Do investment bankers need wealth managers?

I’m currently a Junior with a summer offer for RJ’s tech IB group. The work load and pay of the job make me curious. Do many investment bankers manage there own finances or do they hire a wealth manager to help?

14 Comments
 

Just because someone is an ibanker doesn't necessarily mean they know the best places to invest their money. I'm hoping as you have an offer in hand you know how much being a Banker differs to being an Investor?

 

As a junior or mid-level banker, you don't really need that assistance. At some point, once you have kids, you should get a lawyer to help with trusts and your will. Taxes are pretty straightforward as a W2 earner and only get complicated once you start investing in private partnerships. Unless you are seriously UHNW, your advisor won't be able to get you into any good alternative investments - most of those will come from your network or through fund investments.

 

A lot of more senior bankers have advisors. Investing is a small part of what an advisor does. When you become wealthy you need to worry about financial planning, estate planning, lowering your tax bill, etc.  index funds can’t do any of those. It’s also easier to hand discretion to an advisor so you don’t have to deal with compliance and pre-clear trades. 

 

After spending all of undergrad and literally thousands of hours trying to beat the market and writing research papers and relentlessly reading stuff, I can assure you that the stupid sounding boomerisms of "long the market and forget about it" and "just index" are unironically the most solid advice I've ever recieved and call tell you that just by looking at HFRI, it's not only arrogant to think you can beat the market, it's also just kinda pointless in aggregate. Yes, you can make 100% wins in a few days, I and a lot of people I know have done this, but in aggregate, it's very hard to beat the market consistently as a totality of your AUM. It just doesn't really happen and vis a vis your efforts, it's just kinda pointless to try. Either just load up on the SPY or buy the triple levered index funds and leave it, or every once in a while dump a bunch of money on blue chips who are down bad (like PayPal right now, which is severely, severely undervalued). For the most part, just leave it in index funds.

 

Yeah think I'm going to actually agree with you, it's not really undervalued, but I want the broader point to stand that indexing really does just work better. That being said, any time a blue chip drops immensely, in the long run it's usually a better decision than not to buy in. But yes, looking at it again, don't think PayPal is as undervalued as I thought.

 

The fact that you called PayPal severely undervalued tells me two things: you have no idea how the market works and you have no idea how the market works.

 

Well, I’ve beat the market every year sense I was 16 (6 years now) I’m sure I could do it going forward – it’s not too difficult if you have a good teacher. One of my dads clients is my mentor, he manages high net worths money (50M+) and fought me a lot of what I know.
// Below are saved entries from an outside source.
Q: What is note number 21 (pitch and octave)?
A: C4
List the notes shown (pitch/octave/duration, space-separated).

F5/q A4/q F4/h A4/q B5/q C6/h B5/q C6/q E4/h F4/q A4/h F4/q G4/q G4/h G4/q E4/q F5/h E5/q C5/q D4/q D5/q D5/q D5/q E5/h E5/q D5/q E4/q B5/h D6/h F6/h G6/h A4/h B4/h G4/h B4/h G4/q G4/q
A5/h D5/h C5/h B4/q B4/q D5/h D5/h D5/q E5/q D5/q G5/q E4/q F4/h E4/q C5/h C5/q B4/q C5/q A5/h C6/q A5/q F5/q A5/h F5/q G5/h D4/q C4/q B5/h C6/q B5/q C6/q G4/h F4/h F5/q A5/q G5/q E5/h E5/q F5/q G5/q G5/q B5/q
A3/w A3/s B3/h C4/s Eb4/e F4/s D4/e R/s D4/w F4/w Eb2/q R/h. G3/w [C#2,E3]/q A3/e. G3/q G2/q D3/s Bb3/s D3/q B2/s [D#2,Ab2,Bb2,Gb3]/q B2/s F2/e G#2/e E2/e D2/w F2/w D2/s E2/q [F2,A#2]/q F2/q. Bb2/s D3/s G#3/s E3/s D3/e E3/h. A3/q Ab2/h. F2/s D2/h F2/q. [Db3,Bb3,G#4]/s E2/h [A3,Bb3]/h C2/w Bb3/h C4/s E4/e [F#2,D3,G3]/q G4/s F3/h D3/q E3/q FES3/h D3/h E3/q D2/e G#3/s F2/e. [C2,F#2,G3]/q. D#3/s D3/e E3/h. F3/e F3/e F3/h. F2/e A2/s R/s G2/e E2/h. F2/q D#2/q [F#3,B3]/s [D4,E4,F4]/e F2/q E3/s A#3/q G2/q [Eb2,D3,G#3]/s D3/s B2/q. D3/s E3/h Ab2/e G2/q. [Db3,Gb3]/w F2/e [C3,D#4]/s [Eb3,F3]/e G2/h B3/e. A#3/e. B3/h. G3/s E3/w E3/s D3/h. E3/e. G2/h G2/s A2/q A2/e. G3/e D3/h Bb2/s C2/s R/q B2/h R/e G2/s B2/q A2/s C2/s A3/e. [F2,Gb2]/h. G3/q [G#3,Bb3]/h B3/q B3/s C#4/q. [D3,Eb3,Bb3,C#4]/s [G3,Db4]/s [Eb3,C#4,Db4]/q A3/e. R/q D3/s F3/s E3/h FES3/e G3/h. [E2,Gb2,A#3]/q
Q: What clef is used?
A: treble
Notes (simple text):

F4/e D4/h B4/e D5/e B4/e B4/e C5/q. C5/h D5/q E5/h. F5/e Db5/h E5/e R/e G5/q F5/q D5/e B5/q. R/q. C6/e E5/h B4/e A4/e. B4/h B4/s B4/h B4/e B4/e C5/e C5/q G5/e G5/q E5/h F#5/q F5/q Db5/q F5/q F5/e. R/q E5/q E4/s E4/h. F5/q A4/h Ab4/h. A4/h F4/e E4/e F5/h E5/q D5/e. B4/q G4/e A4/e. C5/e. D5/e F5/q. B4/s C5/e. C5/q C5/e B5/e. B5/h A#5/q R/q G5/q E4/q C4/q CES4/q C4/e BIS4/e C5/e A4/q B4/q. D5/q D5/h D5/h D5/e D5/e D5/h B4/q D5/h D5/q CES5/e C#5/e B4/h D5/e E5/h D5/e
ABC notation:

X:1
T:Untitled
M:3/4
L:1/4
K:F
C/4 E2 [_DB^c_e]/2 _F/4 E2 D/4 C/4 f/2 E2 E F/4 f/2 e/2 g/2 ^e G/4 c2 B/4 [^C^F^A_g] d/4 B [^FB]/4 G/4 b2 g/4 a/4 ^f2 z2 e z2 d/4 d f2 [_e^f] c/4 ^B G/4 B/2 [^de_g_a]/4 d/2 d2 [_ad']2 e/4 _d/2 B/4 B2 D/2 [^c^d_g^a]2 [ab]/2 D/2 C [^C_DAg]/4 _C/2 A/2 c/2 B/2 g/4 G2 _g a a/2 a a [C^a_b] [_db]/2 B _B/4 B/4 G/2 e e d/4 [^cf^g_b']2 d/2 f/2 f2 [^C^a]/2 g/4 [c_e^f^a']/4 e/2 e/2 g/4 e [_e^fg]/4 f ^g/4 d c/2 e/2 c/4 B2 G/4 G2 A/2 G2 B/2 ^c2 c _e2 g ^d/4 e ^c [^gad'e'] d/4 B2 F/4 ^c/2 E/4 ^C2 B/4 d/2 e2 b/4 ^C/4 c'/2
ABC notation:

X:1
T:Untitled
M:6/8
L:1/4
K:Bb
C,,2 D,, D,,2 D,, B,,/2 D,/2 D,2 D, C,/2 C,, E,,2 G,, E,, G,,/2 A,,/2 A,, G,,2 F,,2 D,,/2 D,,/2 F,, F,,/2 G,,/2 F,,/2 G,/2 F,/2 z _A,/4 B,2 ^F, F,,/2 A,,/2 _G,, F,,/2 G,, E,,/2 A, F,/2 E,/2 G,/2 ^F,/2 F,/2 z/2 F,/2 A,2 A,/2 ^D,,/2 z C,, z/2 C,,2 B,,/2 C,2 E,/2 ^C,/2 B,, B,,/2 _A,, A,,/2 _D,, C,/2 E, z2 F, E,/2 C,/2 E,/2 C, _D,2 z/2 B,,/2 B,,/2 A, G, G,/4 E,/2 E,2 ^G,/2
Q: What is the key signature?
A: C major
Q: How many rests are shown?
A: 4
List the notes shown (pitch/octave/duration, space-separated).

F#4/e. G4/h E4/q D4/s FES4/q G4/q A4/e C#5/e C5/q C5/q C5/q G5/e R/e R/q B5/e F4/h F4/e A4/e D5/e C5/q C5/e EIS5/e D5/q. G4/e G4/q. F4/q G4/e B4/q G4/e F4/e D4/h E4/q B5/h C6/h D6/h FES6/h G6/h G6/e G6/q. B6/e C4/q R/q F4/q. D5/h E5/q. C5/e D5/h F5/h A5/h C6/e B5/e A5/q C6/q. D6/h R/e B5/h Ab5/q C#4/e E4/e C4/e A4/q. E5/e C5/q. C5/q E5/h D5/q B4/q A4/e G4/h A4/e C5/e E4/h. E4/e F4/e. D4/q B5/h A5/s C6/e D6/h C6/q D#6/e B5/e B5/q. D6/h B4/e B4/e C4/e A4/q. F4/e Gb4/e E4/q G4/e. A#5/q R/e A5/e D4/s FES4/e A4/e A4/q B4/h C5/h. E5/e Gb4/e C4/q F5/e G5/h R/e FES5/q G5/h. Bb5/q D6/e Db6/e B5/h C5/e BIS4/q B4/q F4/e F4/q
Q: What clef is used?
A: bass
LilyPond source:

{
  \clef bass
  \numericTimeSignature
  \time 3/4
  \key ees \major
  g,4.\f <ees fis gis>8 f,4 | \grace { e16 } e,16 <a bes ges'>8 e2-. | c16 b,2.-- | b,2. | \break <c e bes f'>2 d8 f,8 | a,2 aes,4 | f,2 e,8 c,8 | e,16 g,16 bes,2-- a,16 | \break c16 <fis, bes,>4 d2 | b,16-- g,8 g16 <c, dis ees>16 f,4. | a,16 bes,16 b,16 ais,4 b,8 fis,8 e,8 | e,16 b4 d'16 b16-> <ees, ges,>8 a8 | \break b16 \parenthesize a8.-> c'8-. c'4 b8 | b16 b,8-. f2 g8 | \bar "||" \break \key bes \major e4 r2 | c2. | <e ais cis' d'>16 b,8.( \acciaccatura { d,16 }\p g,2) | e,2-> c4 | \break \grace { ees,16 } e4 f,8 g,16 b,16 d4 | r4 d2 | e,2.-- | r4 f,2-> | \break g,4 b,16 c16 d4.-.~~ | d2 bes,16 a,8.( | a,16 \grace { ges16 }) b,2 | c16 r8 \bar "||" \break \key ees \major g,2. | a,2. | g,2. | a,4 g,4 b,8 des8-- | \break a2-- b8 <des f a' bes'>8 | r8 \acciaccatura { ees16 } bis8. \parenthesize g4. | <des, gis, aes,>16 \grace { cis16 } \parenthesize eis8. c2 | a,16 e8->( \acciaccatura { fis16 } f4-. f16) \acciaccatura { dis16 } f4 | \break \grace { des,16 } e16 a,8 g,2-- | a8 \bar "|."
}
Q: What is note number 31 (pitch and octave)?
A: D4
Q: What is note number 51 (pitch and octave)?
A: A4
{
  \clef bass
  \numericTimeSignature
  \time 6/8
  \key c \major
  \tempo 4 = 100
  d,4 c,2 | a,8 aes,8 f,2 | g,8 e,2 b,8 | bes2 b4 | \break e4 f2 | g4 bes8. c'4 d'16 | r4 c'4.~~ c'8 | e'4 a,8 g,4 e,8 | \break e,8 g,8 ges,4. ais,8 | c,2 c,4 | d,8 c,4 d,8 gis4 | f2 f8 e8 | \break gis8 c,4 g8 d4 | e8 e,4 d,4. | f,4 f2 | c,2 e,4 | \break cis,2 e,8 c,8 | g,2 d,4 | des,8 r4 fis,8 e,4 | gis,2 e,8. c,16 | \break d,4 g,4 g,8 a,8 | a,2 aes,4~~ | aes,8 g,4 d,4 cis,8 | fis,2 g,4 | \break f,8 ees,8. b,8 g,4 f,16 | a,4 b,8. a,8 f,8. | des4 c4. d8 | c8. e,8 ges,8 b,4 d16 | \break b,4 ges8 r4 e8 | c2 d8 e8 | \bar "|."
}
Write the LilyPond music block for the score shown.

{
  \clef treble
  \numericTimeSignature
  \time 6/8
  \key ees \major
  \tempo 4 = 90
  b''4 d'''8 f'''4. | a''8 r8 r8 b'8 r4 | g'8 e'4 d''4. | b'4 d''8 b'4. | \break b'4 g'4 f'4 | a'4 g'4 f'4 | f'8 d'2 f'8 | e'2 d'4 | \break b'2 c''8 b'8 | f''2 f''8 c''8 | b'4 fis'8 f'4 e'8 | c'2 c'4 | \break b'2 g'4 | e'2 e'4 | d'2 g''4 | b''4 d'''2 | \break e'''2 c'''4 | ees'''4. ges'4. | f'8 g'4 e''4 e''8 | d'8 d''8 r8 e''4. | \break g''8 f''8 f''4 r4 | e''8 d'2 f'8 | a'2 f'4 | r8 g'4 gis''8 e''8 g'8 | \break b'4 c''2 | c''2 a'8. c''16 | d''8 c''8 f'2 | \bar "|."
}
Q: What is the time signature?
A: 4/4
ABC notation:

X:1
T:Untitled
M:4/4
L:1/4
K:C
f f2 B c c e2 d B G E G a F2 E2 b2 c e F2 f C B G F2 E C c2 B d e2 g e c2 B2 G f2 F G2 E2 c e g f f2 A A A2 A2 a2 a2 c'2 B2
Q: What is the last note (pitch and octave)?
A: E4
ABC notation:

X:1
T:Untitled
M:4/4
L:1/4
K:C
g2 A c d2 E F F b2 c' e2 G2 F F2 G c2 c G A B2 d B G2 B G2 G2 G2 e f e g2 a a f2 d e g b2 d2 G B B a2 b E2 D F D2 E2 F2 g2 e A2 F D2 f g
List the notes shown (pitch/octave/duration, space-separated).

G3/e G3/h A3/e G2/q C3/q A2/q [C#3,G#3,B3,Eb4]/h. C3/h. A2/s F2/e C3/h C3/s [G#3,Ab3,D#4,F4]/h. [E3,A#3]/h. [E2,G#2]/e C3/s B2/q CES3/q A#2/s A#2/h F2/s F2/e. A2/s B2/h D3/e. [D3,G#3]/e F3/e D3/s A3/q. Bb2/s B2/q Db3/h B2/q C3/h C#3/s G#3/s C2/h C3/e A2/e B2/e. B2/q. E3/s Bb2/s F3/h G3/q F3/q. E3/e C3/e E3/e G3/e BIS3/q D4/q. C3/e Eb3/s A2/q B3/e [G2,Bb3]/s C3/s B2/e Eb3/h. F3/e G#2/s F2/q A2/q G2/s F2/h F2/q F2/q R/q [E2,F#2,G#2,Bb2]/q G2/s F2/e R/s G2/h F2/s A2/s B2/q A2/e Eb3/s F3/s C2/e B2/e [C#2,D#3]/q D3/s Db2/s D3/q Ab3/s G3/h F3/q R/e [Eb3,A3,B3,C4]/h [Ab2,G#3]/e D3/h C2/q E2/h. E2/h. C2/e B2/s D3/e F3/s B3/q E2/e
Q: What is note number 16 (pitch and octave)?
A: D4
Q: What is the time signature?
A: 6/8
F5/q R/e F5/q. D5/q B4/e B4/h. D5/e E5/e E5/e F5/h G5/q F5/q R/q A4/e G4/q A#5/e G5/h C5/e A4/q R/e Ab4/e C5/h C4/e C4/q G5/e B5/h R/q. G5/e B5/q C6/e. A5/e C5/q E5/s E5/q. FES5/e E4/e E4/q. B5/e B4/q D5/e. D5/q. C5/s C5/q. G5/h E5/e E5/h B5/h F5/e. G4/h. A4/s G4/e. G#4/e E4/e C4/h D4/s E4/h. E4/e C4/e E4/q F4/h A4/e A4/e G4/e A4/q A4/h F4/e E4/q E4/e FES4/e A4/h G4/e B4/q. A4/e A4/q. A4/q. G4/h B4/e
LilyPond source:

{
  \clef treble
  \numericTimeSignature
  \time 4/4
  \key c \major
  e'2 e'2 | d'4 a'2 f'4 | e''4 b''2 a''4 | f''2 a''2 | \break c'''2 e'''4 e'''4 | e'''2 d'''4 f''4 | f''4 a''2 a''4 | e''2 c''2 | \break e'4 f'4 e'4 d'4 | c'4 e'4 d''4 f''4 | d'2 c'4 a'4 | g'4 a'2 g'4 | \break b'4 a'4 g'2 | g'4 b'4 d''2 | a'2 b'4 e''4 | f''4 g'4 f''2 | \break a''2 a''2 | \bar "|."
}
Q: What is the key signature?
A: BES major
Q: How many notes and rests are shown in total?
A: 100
However, it does take a significant amount of time and effort, that of which I won’t have working full time in IB. I’d just hate to see my returns dampen because I’m busy with my work.

 

Junior bankers don't need it.  You're a W-2 employee so your taxes are straightforward.  Maybe an accountant if you really don't want to do your taxes yourself or have some reason to itemize.  Senior bankers that earn enough that they might be diversifying into more illiquid assets, and who are older, may require other services, but IMO a wealth manager is usually a waste of money.  They're really just for if you don't want to manage the headache of investing your own money, hiring an estate attorney, hiring a tax accountant, etc. but for most bankers none of that would take a ton of time to do.